● Task details
Reproduce the data below exactly as written. Pictures do not belong in the copy.

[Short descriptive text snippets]
───
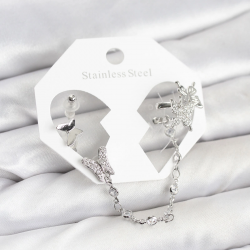 Mey İthalat® Pirinç Gümüş Renk Kelebek Model Zincir Bağlantılı Ear Cuff Küpe Seti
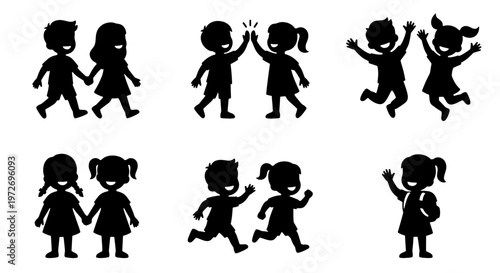Happy children silhouettes set, group of kids playing and jumping vector icons, black childhood friendship symbols for school and education designs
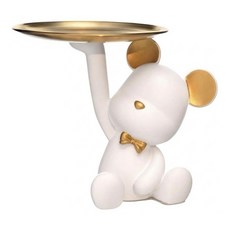 HOUDER 熊熊玄關擺飾 坐姿托盤熊, 白色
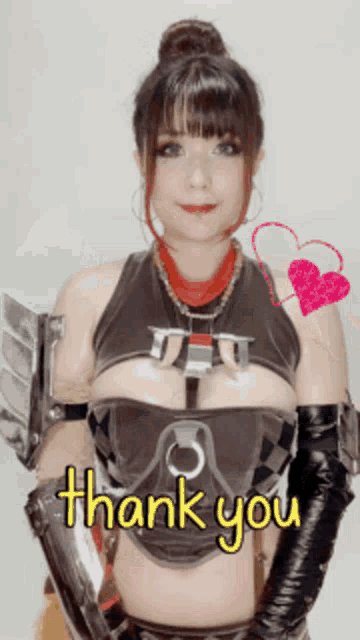 a woman in a costume with the words thank you written on it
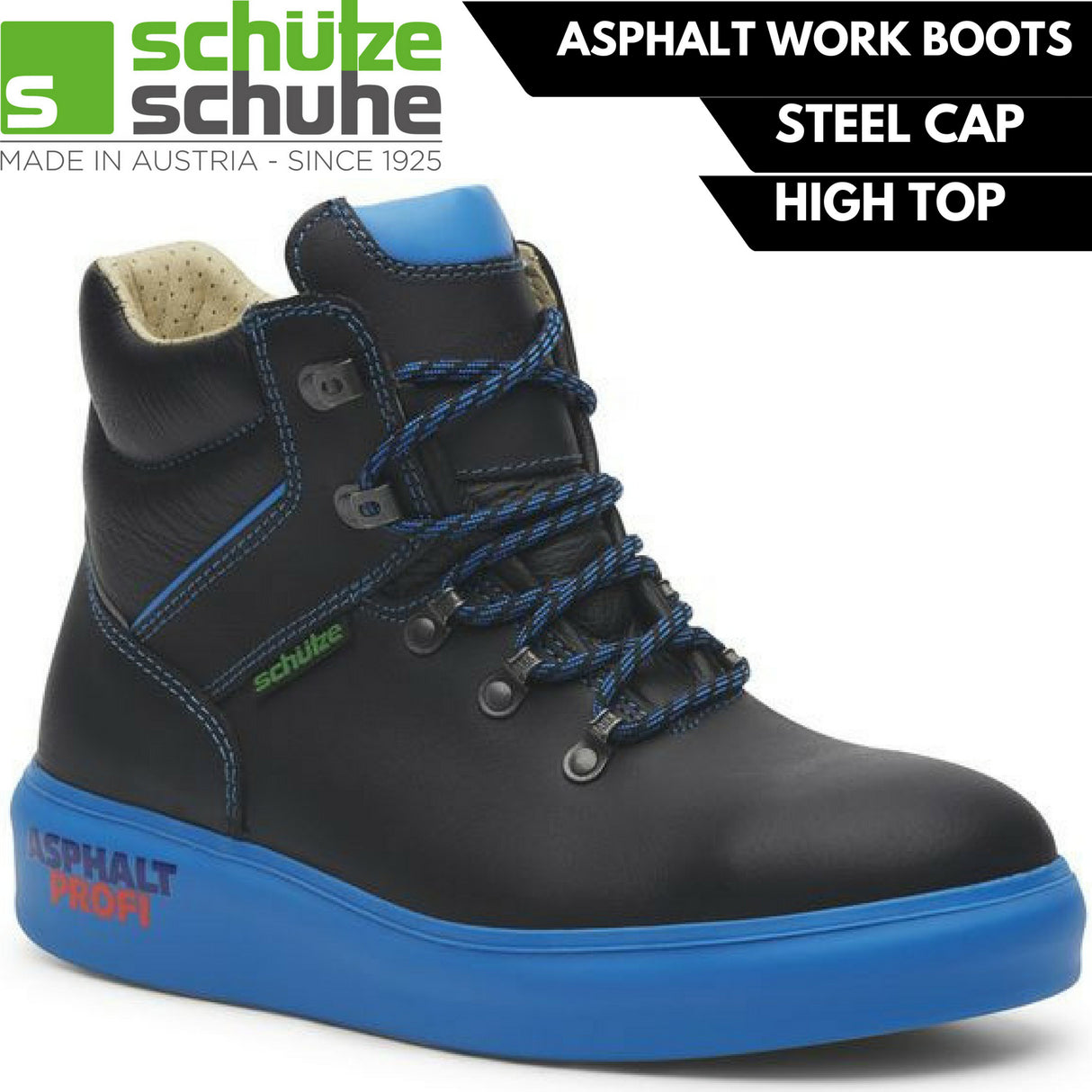SCHUTZE Asphalt Work Boots - 3M Reflective Steel Cap Shoes - Black/Blue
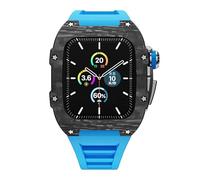 JZWCHQ Kit di modifica del lusso Custodia in fibra di carbonio per banda 45mm 44 mm in gomma+cinghia metallica per iwatch Series7 SE 6 5 4 Copertura fai da te
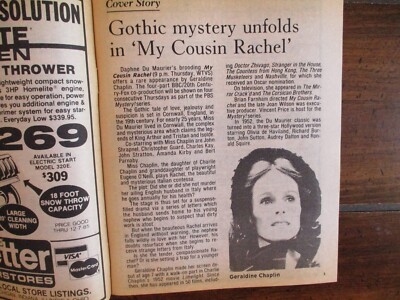 De-1985 Detroit News TV Mag(MY COUSIN RACHEL/GERALDINE CHAPLIN/CHRISTOPHER GUARD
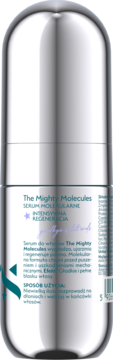 Tył srebrnej butelki serum do włosów The Mighty Molecules z białą etykietą i tekstem o intensywnej regeneracji.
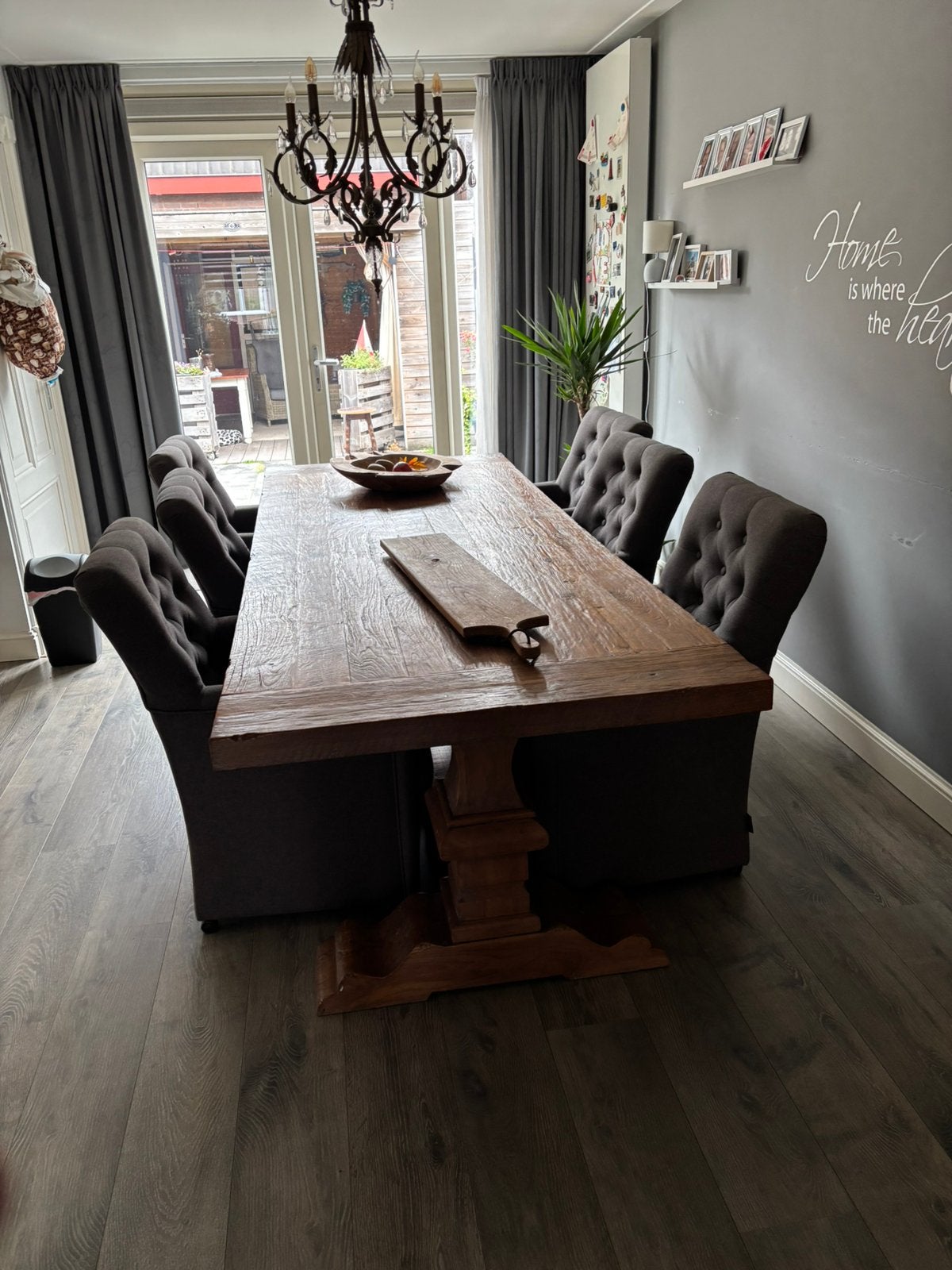 laatste kans !! Kloostertafel 260x100x77 + 6 fauteuils op, Ophalen, Zo goed als nieuw, 4 tot 6 stoelen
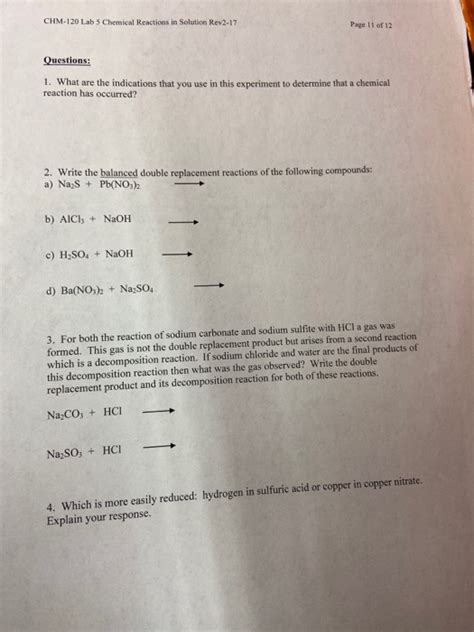 Solved Chm 120 Lab 5 Chemical Reactions In Solution Rev2 17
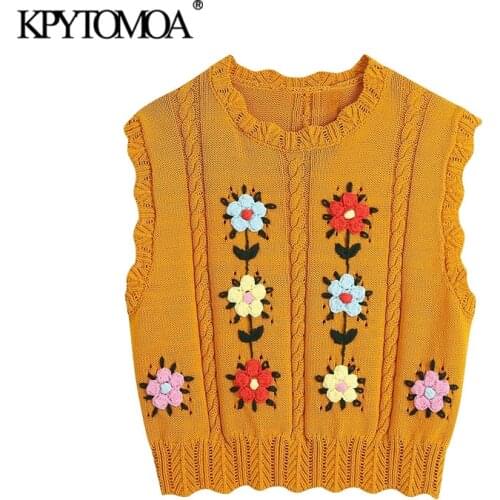 KPYTOMOA Women 2021 Sweet Fashion Floral Embroidery Cropped Knit Vest Sweater Vintage Sleeveless Female Waistcoat Chic Tops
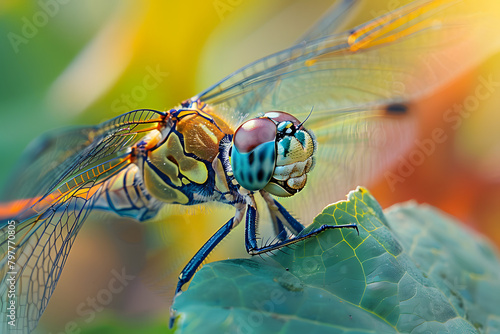 Macro shot of a vibrant dragonfly resting on a green leaf, showcasing detailed wing patterns and natural beauty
───
● Response to this task
 Mey İthalat® Pirinç Gümüş Renk Kelebek Model Zincir Bağlantılı Ear Cuff Küpe Seti
Happy children silhouettes set, group of kids playing and jumping vector icons, black childhood friendship symbols for school and education designs
 HOUDER 熊熊玄關擺飾 坐姿托盤熊, 白色
 a woman in a costume with the words thank you written on it
SCHUTZE Asphalt Work Boots - 3M Reflective Steel Cap Shoes - Black/Blue
 JZWCHQ Kit di modifica del lusso Custodia in fibra di carbonio per banda 45mm 44 mm in gomma+cinghia metallica per iwatch Series7 SE 6 5 4 Copertura fai da te
 De-1985 Detroit News TV Mag(MY COUSIN RACHEL/GERALDINE CHAPLIN/CHRISTOPHER GUARD
 Tył srebrnej butelki serum do włosów The Mighty Molecules z białą etykietą i tekstem o intensywnej regeneracji.
 laatste kans !! Kloostertafel 260x100x77 + 6 fauteuils op, Ophalen, Zo goed als nieuw, 4 tot 6 stoelen
 Solved Chm 120 Lab 5 Chemical Reactions In Solution Rev2 17
 KPYTOMOA Women 2021 Sweet Fashion Floral Embroidery Cropped Knit Vest Sweater Vintage Sleeveless Female Waistcoat Chic Tops
 Macro shot of a vibrant dragonfly resting on a green leaf, showcasing detailed wing patterns and natural beauty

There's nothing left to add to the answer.